You are given an array $a$ consisting of $n$ elements. The imbalance value of some subsegment of this array is the difference between the maximum and minimum element from this segment. The imbalance value of the array is the sum of imbalance values of all subsegments of this array.
For example, the imbalance value of array $[1, 4, 1]$ is $9$, because there are $6$ different subsegments of this array:

• $[1]$ (from index $1$ to index $1$), imbalance value is $0$;
• $[1, 4]$ (from index $1$ to index $2$), imbalance value is $3$;
• $[1, 4, 1]$ (from index $1$ to index $3$), imbalance value is $3$;
• $[4]$ (from index $2$ to index $2$), imbalance value is $0$;
• $[4, 1]$ (from index $2$ to index $3$), imbalance value is $3$;
• $[1]$ (from index $3$ to index $3$), imbalance value is $0$.

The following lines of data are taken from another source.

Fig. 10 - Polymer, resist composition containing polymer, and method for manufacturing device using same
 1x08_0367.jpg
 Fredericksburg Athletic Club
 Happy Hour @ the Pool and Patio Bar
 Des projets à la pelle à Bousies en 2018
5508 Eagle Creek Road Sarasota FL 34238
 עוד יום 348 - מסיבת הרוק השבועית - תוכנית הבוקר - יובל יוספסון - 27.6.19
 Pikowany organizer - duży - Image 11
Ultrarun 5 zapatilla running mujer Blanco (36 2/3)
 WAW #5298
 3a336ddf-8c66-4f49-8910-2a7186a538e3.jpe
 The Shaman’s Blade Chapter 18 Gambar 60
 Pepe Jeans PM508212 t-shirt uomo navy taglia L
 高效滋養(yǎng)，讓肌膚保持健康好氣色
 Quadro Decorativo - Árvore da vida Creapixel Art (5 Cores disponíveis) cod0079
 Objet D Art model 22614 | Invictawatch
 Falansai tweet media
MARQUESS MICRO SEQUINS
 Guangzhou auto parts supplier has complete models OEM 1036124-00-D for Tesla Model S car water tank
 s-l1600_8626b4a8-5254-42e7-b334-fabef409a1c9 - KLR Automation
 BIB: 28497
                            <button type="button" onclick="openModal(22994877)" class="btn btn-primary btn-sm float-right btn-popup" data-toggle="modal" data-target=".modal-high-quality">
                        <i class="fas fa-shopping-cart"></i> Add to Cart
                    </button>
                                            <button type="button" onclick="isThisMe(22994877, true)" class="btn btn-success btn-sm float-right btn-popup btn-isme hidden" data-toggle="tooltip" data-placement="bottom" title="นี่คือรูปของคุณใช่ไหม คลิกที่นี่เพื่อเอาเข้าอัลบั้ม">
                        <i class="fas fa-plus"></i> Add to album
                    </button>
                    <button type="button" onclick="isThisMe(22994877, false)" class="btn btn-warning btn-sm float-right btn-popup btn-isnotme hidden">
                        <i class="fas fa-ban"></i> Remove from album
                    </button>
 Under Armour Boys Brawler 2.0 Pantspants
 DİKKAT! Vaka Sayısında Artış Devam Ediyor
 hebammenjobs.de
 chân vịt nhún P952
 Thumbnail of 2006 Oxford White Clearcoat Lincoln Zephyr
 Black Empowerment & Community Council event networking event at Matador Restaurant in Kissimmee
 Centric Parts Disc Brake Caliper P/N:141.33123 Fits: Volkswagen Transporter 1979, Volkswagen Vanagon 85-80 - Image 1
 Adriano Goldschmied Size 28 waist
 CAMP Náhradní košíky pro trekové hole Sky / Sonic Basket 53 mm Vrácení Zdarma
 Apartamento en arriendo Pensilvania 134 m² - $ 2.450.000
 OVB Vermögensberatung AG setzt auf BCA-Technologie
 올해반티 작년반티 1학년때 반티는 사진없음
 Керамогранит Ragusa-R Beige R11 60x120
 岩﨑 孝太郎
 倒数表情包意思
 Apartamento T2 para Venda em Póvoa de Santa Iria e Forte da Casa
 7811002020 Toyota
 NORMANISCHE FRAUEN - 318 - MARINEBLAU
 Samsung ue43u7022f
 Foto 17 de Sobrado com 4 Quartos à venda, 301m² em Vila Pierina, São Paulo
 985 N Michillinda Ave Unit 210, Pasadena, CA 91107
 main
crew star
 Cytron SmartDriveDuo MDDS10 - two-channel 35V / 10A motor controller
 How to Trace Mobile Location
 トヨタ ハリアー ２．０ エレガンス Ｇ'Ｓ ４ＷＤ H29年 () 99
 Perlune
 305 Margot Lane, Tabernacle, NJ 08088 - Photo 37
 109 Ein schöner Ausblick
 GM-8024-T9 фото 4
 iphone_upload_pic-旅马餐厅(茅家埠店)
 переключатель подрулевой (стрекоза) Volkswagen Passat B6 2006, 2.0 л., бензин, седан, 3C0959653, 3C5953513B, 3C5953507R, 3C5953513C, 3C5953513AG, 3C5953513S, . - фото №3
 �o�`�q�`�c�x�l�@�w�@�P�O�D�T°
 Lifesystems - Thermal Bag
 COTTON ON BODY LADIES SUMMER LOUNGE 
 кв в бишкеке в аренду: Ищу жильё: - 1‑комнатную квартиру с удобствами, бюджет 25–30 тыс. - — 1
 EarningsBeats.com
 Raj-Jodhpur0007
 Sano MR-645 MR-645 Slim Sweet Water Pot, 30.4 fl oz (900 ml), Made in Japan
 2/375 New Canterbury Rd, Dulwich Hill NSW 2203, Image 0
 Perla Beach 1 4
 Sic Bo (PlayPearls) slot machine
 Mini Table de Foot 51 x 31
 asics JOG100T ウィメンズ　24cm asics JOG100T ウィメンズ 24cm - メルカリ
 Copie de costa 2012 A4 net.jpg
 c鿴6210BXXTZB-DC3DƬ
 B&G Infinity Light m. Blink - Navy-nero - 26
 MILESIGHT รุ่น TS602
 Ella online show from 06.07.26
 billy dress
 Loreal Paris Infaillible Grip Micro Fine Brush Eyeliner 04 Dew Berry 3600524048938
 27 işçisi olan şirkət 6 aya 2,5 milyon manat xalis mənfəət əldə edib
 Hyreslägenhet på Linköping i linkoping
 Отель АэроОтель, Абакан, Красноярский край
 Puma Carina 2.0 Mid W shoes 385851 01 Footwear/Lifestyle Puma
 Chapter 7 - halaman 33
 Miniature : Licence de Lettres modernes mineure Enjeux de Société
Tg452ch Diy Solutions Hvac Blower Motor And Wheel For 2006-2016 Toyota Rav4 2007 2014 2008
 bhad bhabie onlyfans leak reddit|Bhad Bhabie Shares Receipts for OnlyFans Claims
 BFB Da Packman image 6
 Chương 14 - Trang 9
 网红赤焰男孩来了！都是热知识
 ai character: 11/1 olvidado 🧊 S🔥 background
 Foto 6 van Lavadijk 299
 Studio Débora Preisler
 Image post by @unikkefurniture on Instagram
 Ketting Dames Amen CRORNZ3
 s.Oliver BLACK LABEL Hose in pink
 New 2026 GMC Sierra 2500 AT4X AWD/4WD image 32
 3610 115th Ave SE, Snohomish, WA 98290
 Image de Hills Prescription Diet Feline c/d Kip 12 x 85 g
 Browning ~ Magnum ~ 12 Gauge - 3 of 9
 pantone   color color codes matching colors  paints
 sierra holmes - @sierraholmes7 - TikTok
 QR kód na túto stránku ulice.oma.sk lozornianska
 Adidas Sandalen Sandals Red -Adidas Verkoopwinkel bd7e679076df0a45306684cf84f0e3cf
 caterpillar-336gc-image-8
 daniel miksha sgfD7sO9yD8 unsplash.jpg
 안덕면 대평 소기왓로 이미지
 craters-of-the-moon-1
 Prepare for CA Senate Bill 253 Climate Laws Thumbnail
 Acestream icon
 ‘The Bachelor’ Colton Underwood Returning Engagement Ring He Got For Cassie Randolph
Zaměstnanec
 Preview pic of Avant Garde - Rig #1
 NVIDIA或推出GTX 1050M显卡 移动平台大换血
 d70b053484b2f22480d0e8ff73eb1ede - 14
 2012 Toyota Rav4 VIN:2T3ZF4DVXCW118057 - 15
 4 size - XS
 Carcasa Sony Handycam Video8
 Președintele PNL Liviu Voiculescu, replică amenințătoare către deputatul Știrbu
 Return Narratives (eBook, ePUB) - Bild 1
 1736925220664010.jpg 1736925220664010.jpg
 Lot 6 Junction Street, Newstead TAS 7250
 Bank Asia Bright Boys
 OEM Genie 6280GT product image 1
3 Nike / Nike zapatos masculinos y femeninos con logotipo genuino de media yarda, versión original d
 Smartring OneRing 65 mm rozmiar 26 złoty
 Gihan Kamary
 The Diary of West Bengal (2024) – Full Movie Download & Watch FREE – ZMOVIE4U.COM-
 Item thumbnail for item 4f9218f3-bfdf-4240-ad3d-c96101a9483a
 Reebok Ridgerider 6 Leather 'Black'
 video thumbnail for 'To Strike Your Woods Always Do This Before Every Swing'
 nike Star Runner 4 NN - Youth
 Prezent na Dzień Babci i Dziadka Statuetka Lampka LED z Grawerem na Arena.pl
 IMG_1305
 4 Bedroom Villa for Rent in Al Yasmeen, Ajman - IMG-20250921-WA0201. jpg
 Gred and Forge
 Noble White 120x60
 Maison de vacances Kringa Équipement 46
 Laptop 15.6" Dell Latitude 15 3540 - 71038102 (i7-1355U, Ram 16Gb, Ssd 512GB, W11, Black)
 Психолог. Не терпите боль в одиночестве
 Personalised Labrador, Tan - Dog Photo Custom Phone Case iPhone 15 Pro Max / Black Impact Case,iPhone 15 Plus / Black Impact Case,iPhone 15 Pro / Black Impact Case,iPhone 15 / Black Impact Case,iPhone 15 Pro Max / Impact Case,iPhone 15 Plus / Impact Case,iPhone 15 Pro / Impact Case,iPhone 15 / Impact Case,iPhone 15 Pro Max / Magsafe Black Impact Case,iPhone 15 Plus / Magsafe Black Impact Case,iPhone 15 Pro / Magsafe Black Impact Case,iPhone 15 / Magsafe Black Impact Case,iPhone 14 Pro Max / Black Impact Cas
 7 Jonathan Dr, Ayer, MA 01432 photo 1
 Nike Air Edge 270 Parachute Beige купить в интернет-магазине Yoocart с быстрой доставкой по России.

You have to determine the imbalance value of the array $a$.

题意概述

$$\sum_{1 \le i \le j \le n} (max_{i, j}-min_{i, j})$$

代码1

#include <iostream>
#include <algorithm>
#include <cstring>
using namespace std;
struct number {
long long num, id, rec;
} a[1000001];
bool cmp(number a, number b) {return a.num < b.num;}
long long n, fa[1000002], s[1000002], ans;
int get_fa(long long t) {
return t == fa[t] || fa[t] == 0 ? fa[t] : fa[t] = get_fa(fa[t]);
}
void process(int t) {
int i, j;
if (t == 1) i = 1, j = n + 1;
else i = n, j = 0;
for (; i != j; i += t) {
fa[a[i].id] = a[i].id;
s[a[i].id] = 1;
long long p = get_fa(a[i].id - 1), q = get_fa(a[i].id + 1);
a[i].rec = (s[p] + 1) * (s[q] + 1);
if (s[p]) {
s[p] += s[get_fa(a[i].id)];
fa[get_fa(a[i].id)] = p;
}
if (s[q]) {
s[q] += s[get_fa(a[i].id)];
fa[get_fa(a[i].id)] = q;
}
}
}
int main()
{
cin >> n;
for (int i = 1; i <= n; ++i) {
cin >> a[i].num;
a[i].id = i;
}
sort(a + 1, a + n + 1, cmp);
process(1);
for (int i = 1; i <= n; ++i) {
ans += a[i].num * a[i].rec;
}
memset(fa, 0, sizeof(fa));
memset(s, 0, sizeof(s));
process(-1);
for (int i = 1; i <= n; ++i) {
ans -= a[i].num * a[i].rec;
}
cout << ans << endl;
return 0;
}


代码2

#include <iostream>
using namespace std;
long long n, a[1000001], l[1000001], r[1000001], ans;
void process(int t) {
for (int i = 1; i <= n; ++i) {
l[i] = r[i] = i;
}
for (int i = 2; i <= n; ++i) {
int now = i;
while (now > 1 && a[i] * t >= a[now - 1] * t) now = l[now - 1];
l[i] = now;
}
for (int i = n - 1; i; --i) {
int now = i;
while (now < n && a[i] * t > a[now + 1] * t) now = r[now + 1];
r[i] = now;
}
}
int main()
{
cin >> n;
for (int i = 1; i <= n; ++i) {
cin >> a[i];
}
process(1);
for (int i = 1; i <= n; ++i) {
ans += a[i] * (i - l[i] + 1) * (r[i] - i + 1);
}
process(-1);
for (int i = 1; i <= n; ++i) {
ans -= a[i] * (i - l[i] + 1) * (r[i] - i + 1);
}
cout << ans << endl;
return 0;
}